##### STATSCALE SEMINARS

##### PREVIOUS SEMINAR - 4th December 2020

Speaker: Priyanga Dilini Talagala (University of Moratuwa)

Title: Anomaly Detection in Streaming Time Series Data

Abstract: The first part of the talk introduces a framework that provides early detection of anomalous series within a large collection of nonstationary streaming time-series data. We define an anomaly as an observation that is very unlikely given the recent distribution of a given system. The proposed framework first calculates a boundary for the system’s typical behaviour using extreme value theory. Then a sliding window is used to test for anomalous series within a newly arrived collection of series. The model uses time series features as inputs, and a density-based comparison to detect any significant changes in the distribution of the features. We show that the proposed algorithm can work well in the presence of noisy nonstationarity data within multiple classes of time series.

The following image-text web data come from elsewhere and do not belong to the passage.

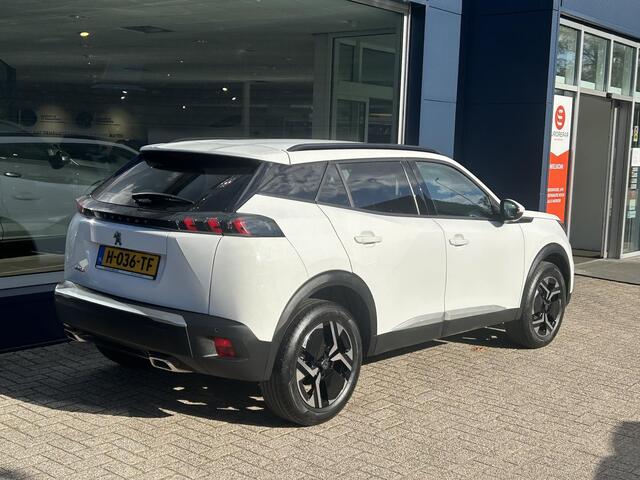Peugeot 2008 1.2 Turbo 130PK Allure Pack | 6-Bak | Navigatie | Camera | LED Verlichting | Stoelverwarming | Climate Control | Cruise Control | 17 Inch Lichtmetalen Velgen |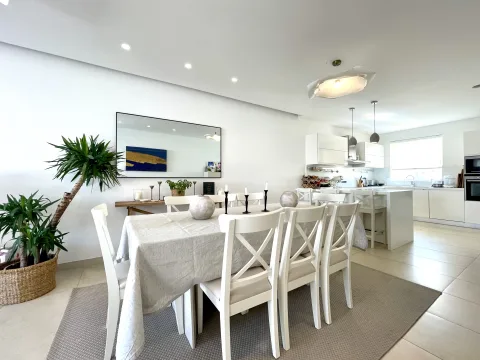 4 bed Apartment For Rent in Sliema, Sliema - thumb 7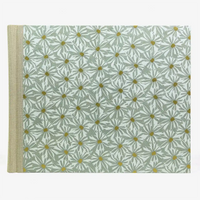 Fotoalbum-24x30cm-60-Seiten-cover-LoktaPapier-Motiv-Gaensebluemchen-mildes-blau-weiss-gold-Cover-von-vorn
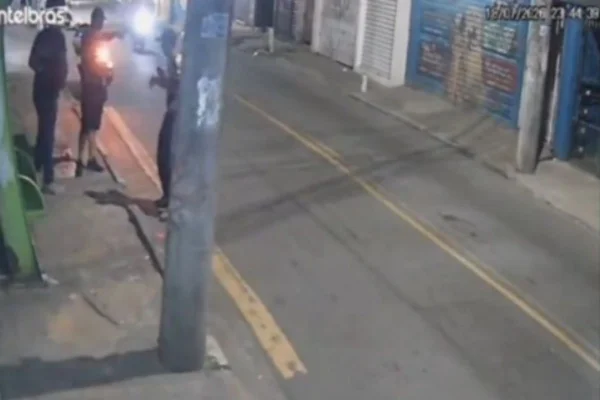 Foto colorida de reprodução de vídeo em que mostra homem sendo executado a tiros em Carapicuíba, região metropolitana de São Paulo.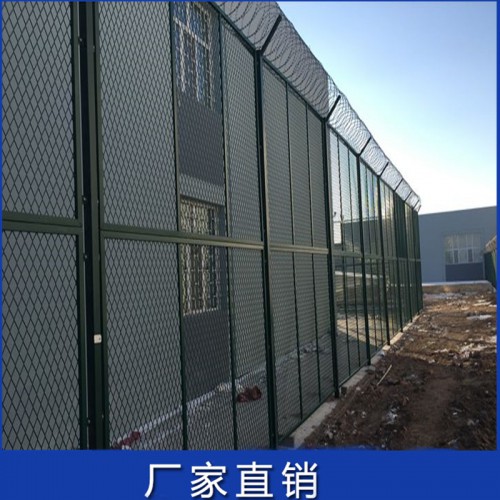 监狱内外监墙巡逻道隔离网 钢网墙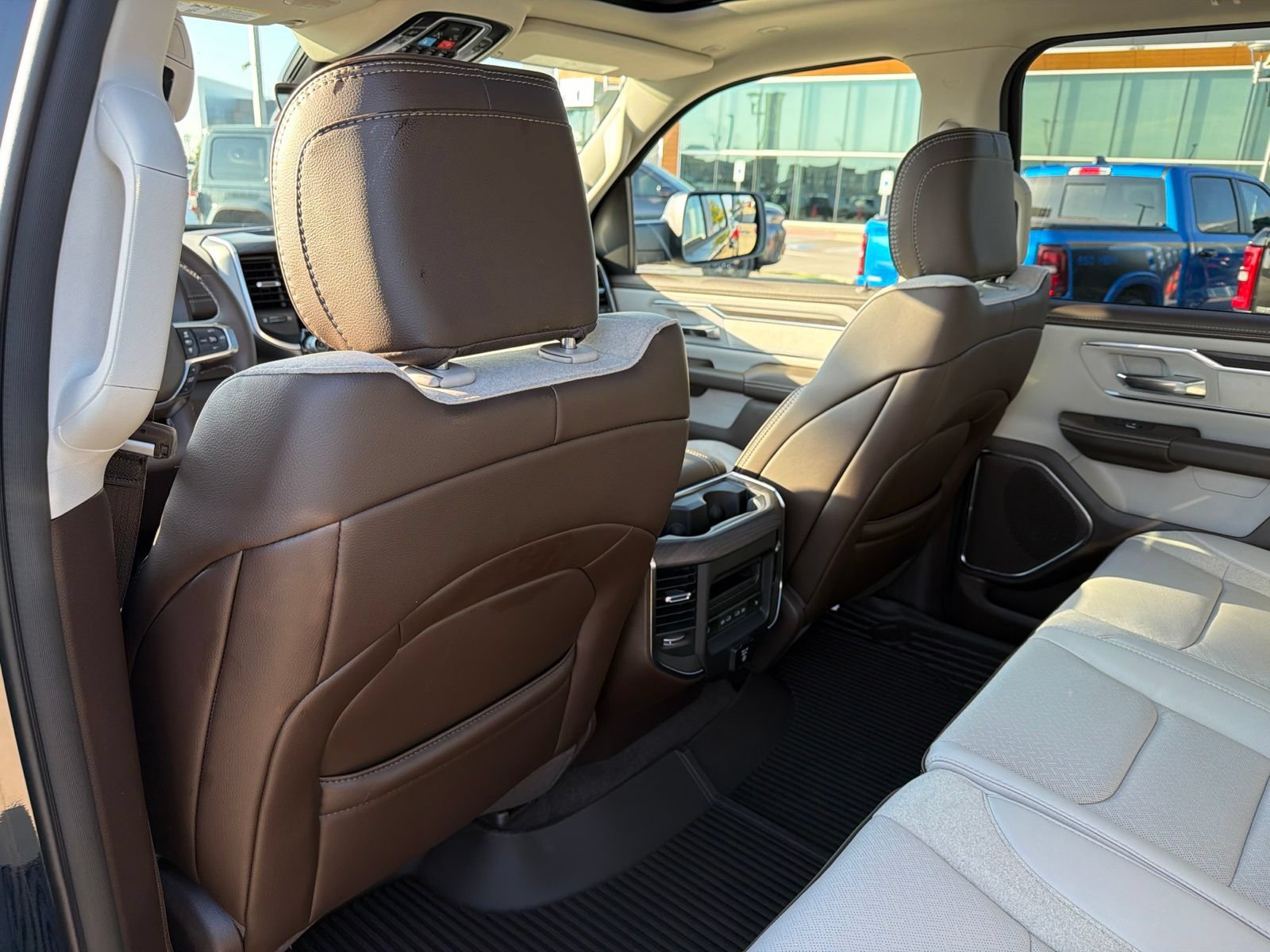 New 2027 RAM 1500 Laramie AWD/4WD image 18
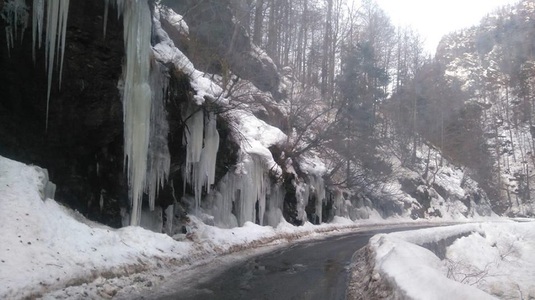 Traficul pe DN 7A, închis în localitatea Jieţ (Hunedoara) din cauza unei avalanşe, a fost redeschis. VIDEO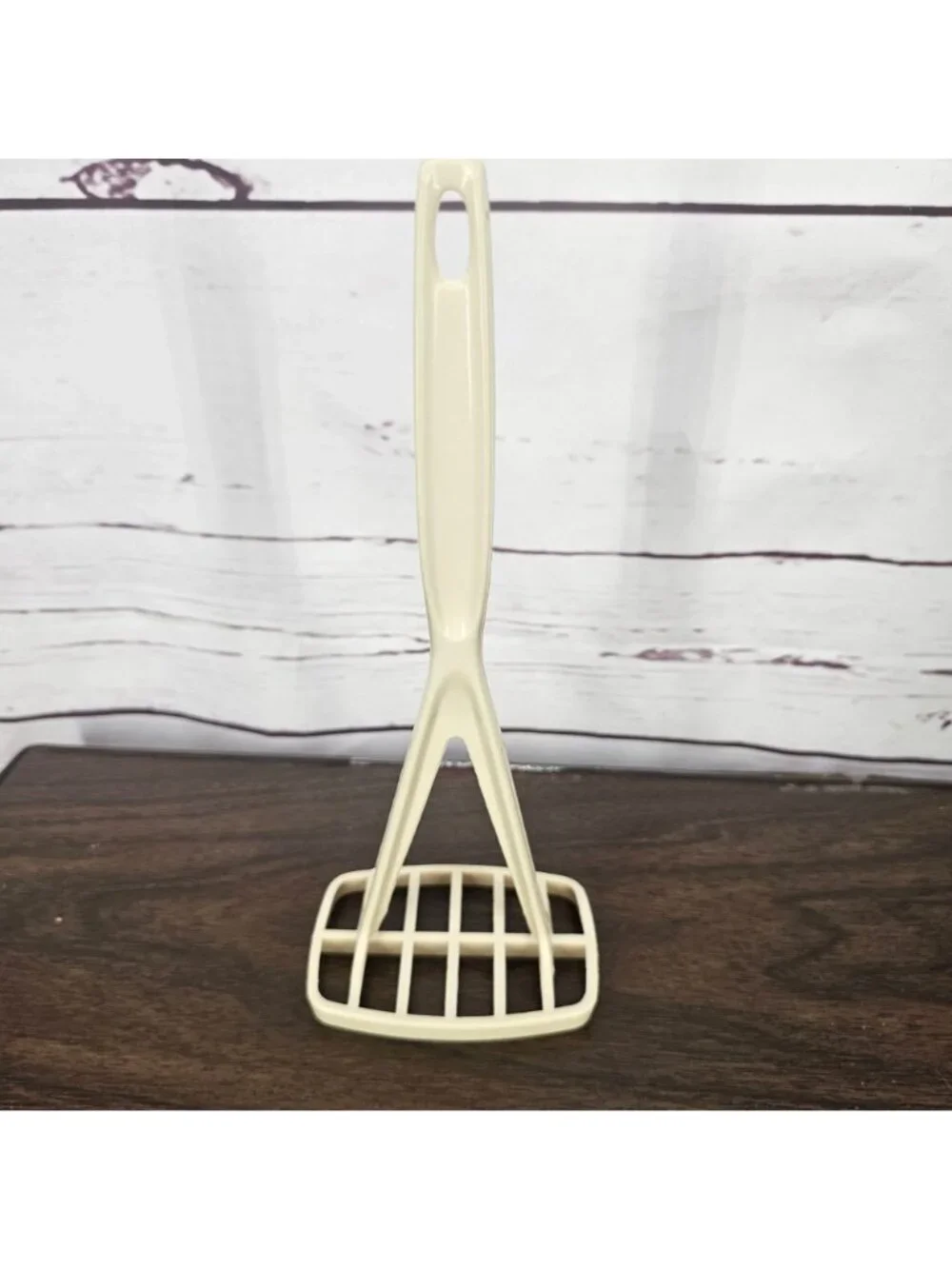 Foley Beige Plastic Potato Masher With Grid Design For Smooth & Easy Mashing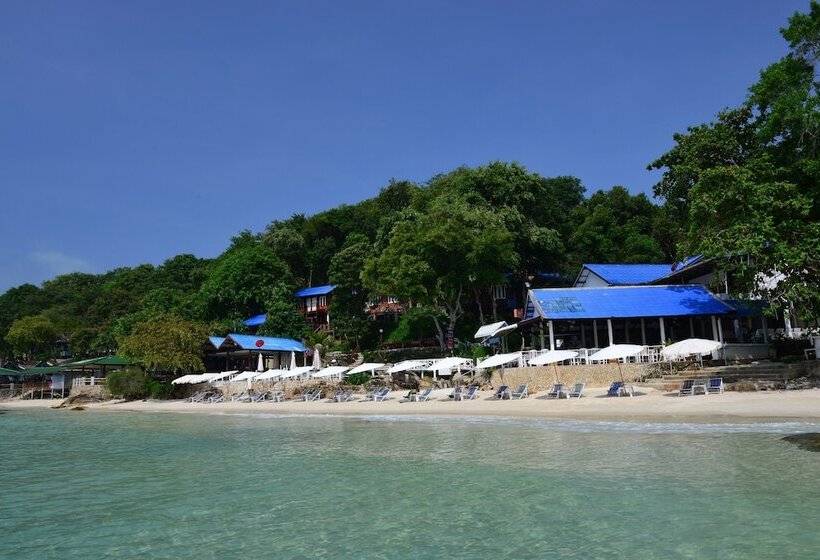 فندق Sangthian Beach Resort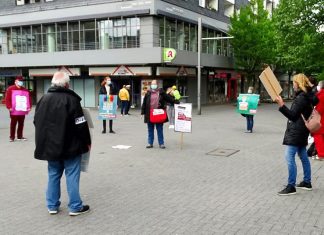 "Die Linke" hat in Velbert unter Corona-Bedingungen eine Kundgebung zum Tag der Arbeit veranstaltet. Foto: privat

The HDoutliers algorithm is a powerful unsupervised algorithm for detecting anomalies in high-dimensional data, with a strong theoretical foundation. However, it suffers from some limitations that significantly hinder its performance level, under certain circumstances. The second part of the talk introduces an algorithm that addresses these limitations. We define an anomaly as an observation where its k-nearest neighbour distance with the maximum gap is significantly different from what we would expect if the distribution of k-nearest neighbours with the maximum gap is in the maximum domain of attraction of the Gumbel distribution. An approach based on extreme value theory is used for the anomalous threshold calculation. Using various synthetic and real datasets, we demonstrate the wide applicability and usefulness of our algorithms. These frameworks are implemented in the open source R packages oddstream and stray.